T4 #hitsm Patients bare the risk, so should have large role in accuracy, privacy, security, all! Too little risk with other people’s data.
— Leonard Kish (@leonardkish) September 11, 2015
My #aging Mom was never w/o dups in tests, drugs, forms. She needed CARE. 50% of our time was wasted reiterating ID info #HITsm #ptsafety
— Linda Stotsky (@EMRAnswers) September 11, 2015
T4 yes, but many not yet aware of their role as an activated patient to control, moderate, curate their own data #phr #hitsm
— Matthew Loxton (@mloxton) September 11, 2015
Isn’t it feasible to consider patients should manage their data? I think the burden to receive appropriate care is on me as a patient #HITsm
— Kat McDavitt (@katmcdavitt) September 11, 2015
#HITsm T4: IMO, they have an inherently smaller role as now their expectation is that it will be handled for them – like all else!
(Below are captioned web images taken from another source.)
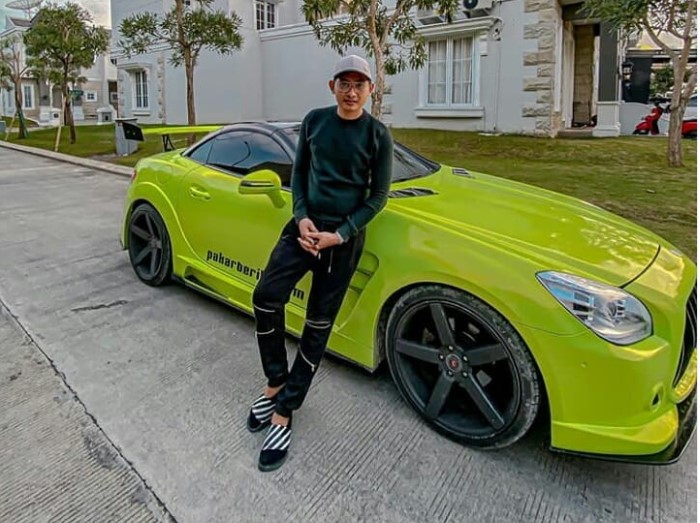 Fakar Suhartami Pratama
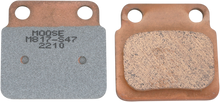 MOOSE OFFROAD XCR Brake Pads - Rear M817-S47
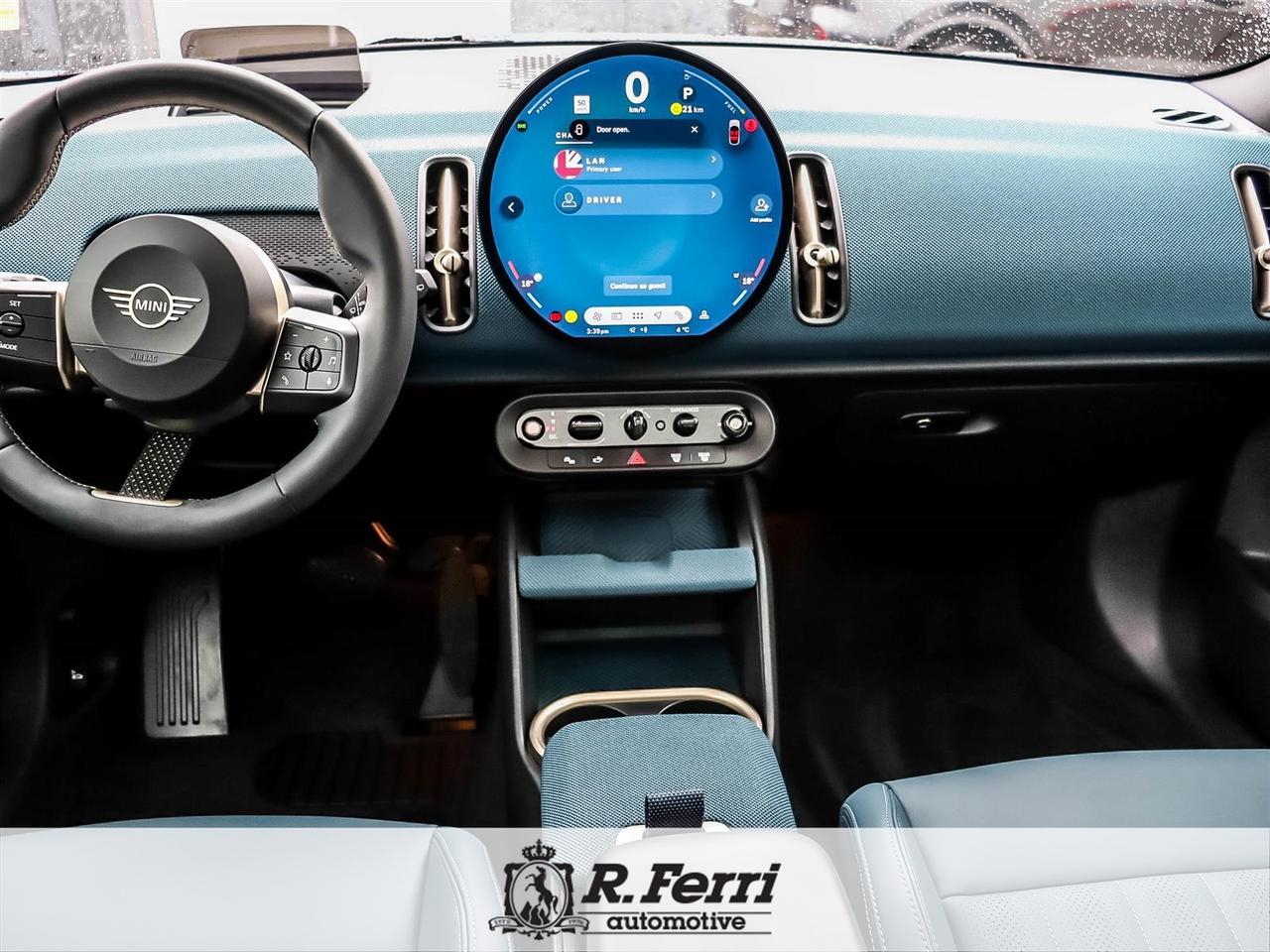 2025 MINI Countryman Cooper S 4dr All-Wheel Drive ALL4 Sport Utility Photo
— Ryan Lucas (@dz45tr) September 11, 2015
T4: The explosion of patient generated data necessitates that patients become more involved in managing health data #HITsm
— CHIME (@CIOCHIME) September 11, 2015
T4: As the system is getting complex, patients have to manage their records for fast outcome. #HITsm
— Clinicspectrum (@ClinicSpectrum) September 11, 2015
T4 patient that are able should manage their Health data just like they do their financial data. #hitsm
— darla brown (@darlakbrown) September 11, 2015
Topic 5: Does the explosion of mobile devices, telehealth, & mhealth tools raise the urgency level for healthcare providers to implement stronger patient ID technology?
T5: Again, use case specific. Many of the use cases today won’t benefit from national pat id… BUT… not say to they won’t #HITsm
— Greg Meyer (@Greg_Meyer93) September 11, 2015
I would like my providers to know I had arrived, simply bc my mobile was near and my #phr announced and exchanged #hitsm
— Matthew Loxton (@mloxton) September 11, 2015
T5 if a pub c 1998 could have my drink ready and greet my by name bc of mobile, why can’t my doc in 2015? #hitsm
— Matthew Loxton (@mloxton) September 11, 2015
T5: Those trends don’t increase the urgency. The healthcare analytics trends are creating the urgency. #HITsm
— EMR, EHR and HIT (@ehrandhit) September 11, 2015
T5: Lest we forget that patients are much more aware of the impact data breaches can have on their health & well-being. #hitsm
— John Trader (@JohnMTrader) September 11, 2015
Topic 6: What new patient identification technologies show promise to help improve patient matching and interoperability?
#HITsm T6 In healthcare, I would expect less fraud w biometric ID’s. Solves unconscious patient problem and the form time problem. #HITsm
— Gus Gilbertson (@gusgilbertson) September 11, 2015
T6 smartphones 🙂 #hitsm
— Matthew Loxton (@mloxton) September 11, 2015
T6: I really like the iris biometric technology: http://t.co/urWrKsdcnu #HITsm
— EMR, EHR and HIT (@ehrandhit) September 11, 2015
Have patient #EHR data transition to top level domain w patient picking trusted registrar? Unique with clear ownership #HITsm @leonardkish
— Alicemarie G Rathjen (@dnatimes) September 11, 2015
T6: Biometrics #HITsm
— Clinicspectrum (@ClinicSpectrum) September 11, 2015
T6: Palm scanning devices technology #HITsm
— Clinicspectrum (@ClinicSpectrum) September 11, 2015
A copy of the complete chat transcript can be found here.
As you can see from the selected tweets, the topic of achieving accurate patient identification in healthcare is not easy especially in the context of identifying a solution that can be used as a universal credential. We were pleased that the #HITsm tweet chat participants provided pragmatic, intelligent comments and insight to our questions demonstrating their keen ability to identify the root causes of achieving a national patient identifier and their tacit support for CHIME’s contest and prowess to thrust this complex issue into the national spotlight.
Our thanks to @OchoTex and @michenoteboom for providing us the opportunity to host their weekly #HITsm chat on patient identification in healthcare and for all of the healthcare professionals who participated!